Intuition Behind K-Means Clustering

Clustering in general is a technique used by many people in their lives. You might find countless examples of clustering around the world. It could be a group of people sharing a table at a restaurant or a food store that displays different sections of food items be it meat , vegetables etc.

Example of Clustering

Similarly, in the world of machine learning clustering is a very common solution to a variety of unsupervised problems prevalent in the industry.
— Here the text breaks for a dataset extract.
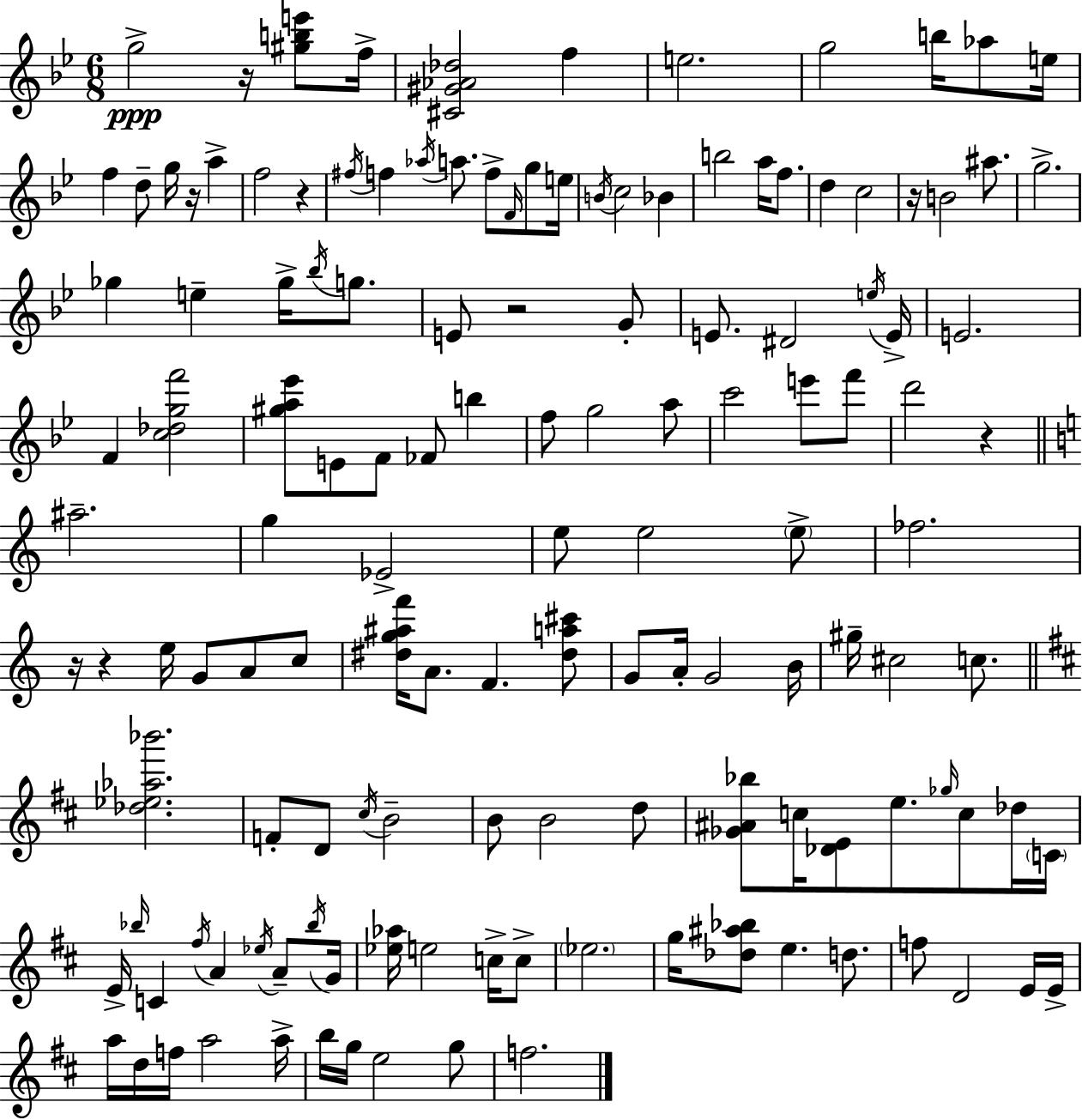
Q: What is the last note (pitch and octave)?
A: F5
It helps understand and make sense out of unstructured data such that clusters are formed having similar data points in the same cluster and having dissimilar data points in other clusters. A major use of clustering in the real life comes from the aspect of recommender systems such used by companies like Amazon to show you what you would like to buy based on your purchase history or OTT’s like Netflix which recommend you content based on your preferences and watch history.
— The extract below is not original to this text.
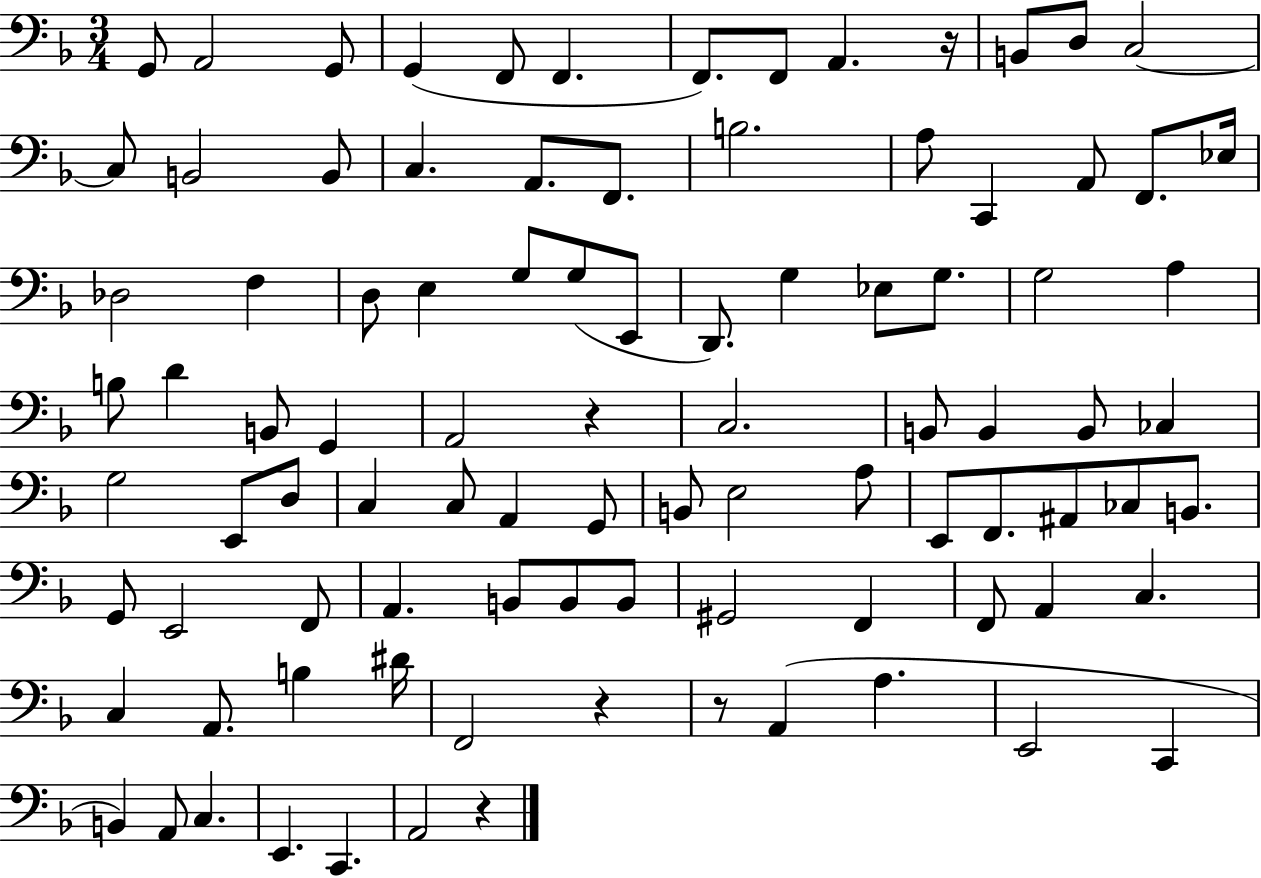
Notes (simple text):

Popular Method of Clustering is K-Means

What is K-Means Clustering?

Let us first try and understand this using a day to day example. Suppose you recently shifted to a hostel and you are expected to do your laundry on your own. At the end of the month you realise that you don’t have any good clothes left and there’s no other way but to wash your clothes which by now have accumulated to become a big pile. Having never done it before, you immediately call your mother and ask for her advice. She explains that there are specifications for each variety of clothes. Some are washed in hot water, while some in cold water, some need air-drying in particular and so on.

A collection of clothes

In simple terms, K-Means is one of the simplest clustering algorithms whose primary goal is to group similar elements or data points into a cluster. Here k is an input which represents the number of clusters you want i.e. giving k=4 will fetch you exactly 4 clusters from the data.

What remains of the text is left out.